GECOM Commissioners row over timeline to review Lowenfield’s elections report
After being locked in a meeting for hours on Thursday, the politically nominated Commissioners of the Guyana Elections Commission (GECOM) could not agree on an extension date of the recount process.
The Commission, headed by Justice (rt’d) Claudette Singh, will have to meet again on Friday to iron out what APNU+AFC nominated GECOM Commissioner Vincent Alexander said are “tricky issues.”
Alexander rejected attempts by his colleague Commissioners to set a timeline for the Commission to review the observation reports coming out of the ongoing recount of votes cast in the March 02, 2020 elections.
The News Room understands that the meeting escalated between the Commissioners Thursday after the Secretariat proposed that the Chief Elections Officer Keith Lowenfield should have five days to prepare his report after the last ballot box is counted.
GECOM is currently looking to extend the recount exercise to June 16, which will allow Lowenfield to complete his tabulation and submit his report for submission to the Commission.
Thereafter, the Commission will be allowed to review the observation reports for each of the 10 electoral districts recounted. Those reports will include the anomalies reported during the recount along with allegations made by the incumbent APNU+AFC that dead and migrated persons voted at the March 2 polls.
In this regard, the People’s Progressive Party nominated Commissioners want GECOM to set a timeline for that review when it makes changes to the gazetted order for the recount.
Alexander believes this is an attempt to prescribe a new date into the order that was not previously there.
“These are attempts to specify the dates of declaration and review of those reports… my only disposition is that the order did not provide for that, it provides for a review of the 25 days [only],” Alexander added.
He told reporters that he believes there are people who intend for GECOM to make a final declaration on the recount based only on the numerical count but insisted that GECOM must allow itself time for the consideration of the observation reports.
“That’s where we are stuck… we are going to have in addition to the 10 tabulations which will come together into one, 10 observation reports…those have got to be discussed and it takes time.
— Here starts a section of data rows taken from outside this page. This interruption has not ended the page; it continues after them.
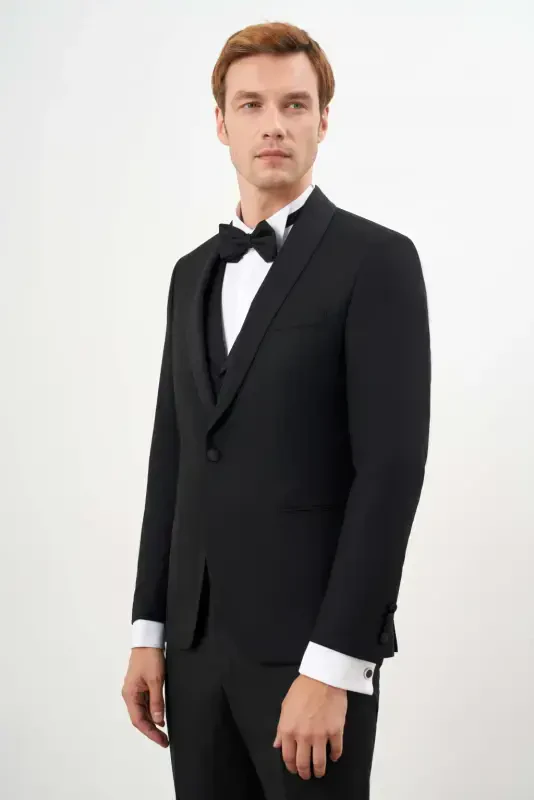 Morven Erkek Siyah Poliviskon Ceromonia Santorini Slim Fit Şal Yaka Damatlık - 2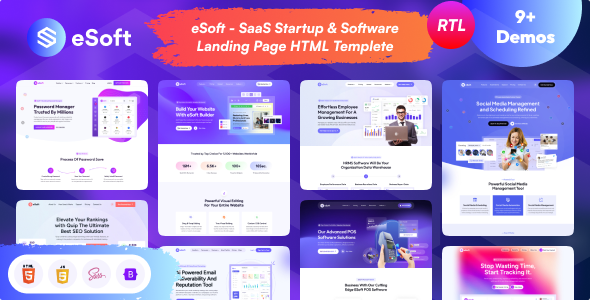 eSoft – SaaS Startup & Software Landing Page HTML5 Template – 0 Sold!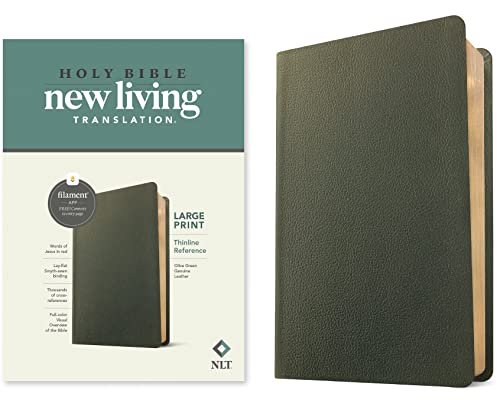 Holy Bible: New Living Translation, Olive Green, Genuine Leather, Thinline Reference, Filament Enabled, Red Letter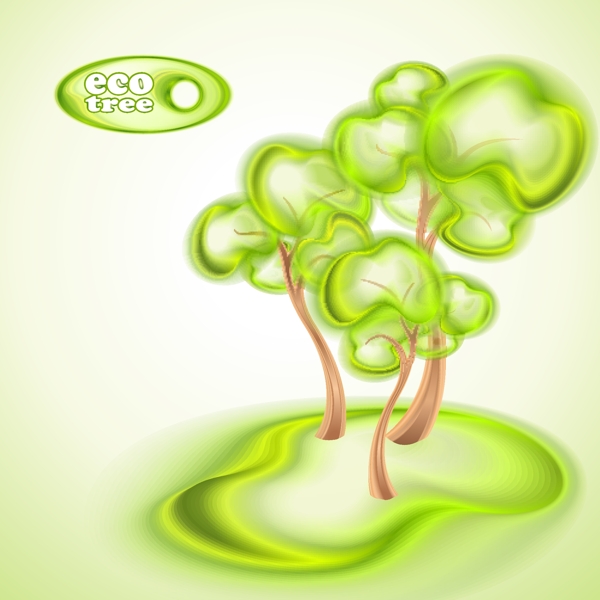 生态绿色树艺术抽象的矢量图形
If you see what we have been coming up with in terms of volume, it will take time,” he explained.
Alexander said the recount was done to allow for a credible determination of the results “and that credibility has to do with much of what in observation report.”
He believes the report lends to the credibility of the exercise and it cannot be ignored.
But the PPP’s Anil Nandlall does not believe that GECOM should leave the timeline open to deliberate on Lowenfield’s report.
“We want them to tell us how much time, it cannot be for the rest of the year, they are not fixing a time, this country is on hold, people’s lives are on hold… the process must come to an end,” Nandlall said Thursday.
Further, he does not believe that GECOM has the legal authority to deal with the issues in the observation reports. Nandlall, a former Attorney General, said any attempt by GECOM to investigate the allegations within the reports would be illegal and the PPP will move to the courts to stop it.
“GECOM can’t convert itself into a judge and jury… it has to go to court. Anytime the Commission acts outside of legal powers the court will be there to stop it,” he added.
The 25-day timeline for the recount process comes to an end on Saturday, May 30.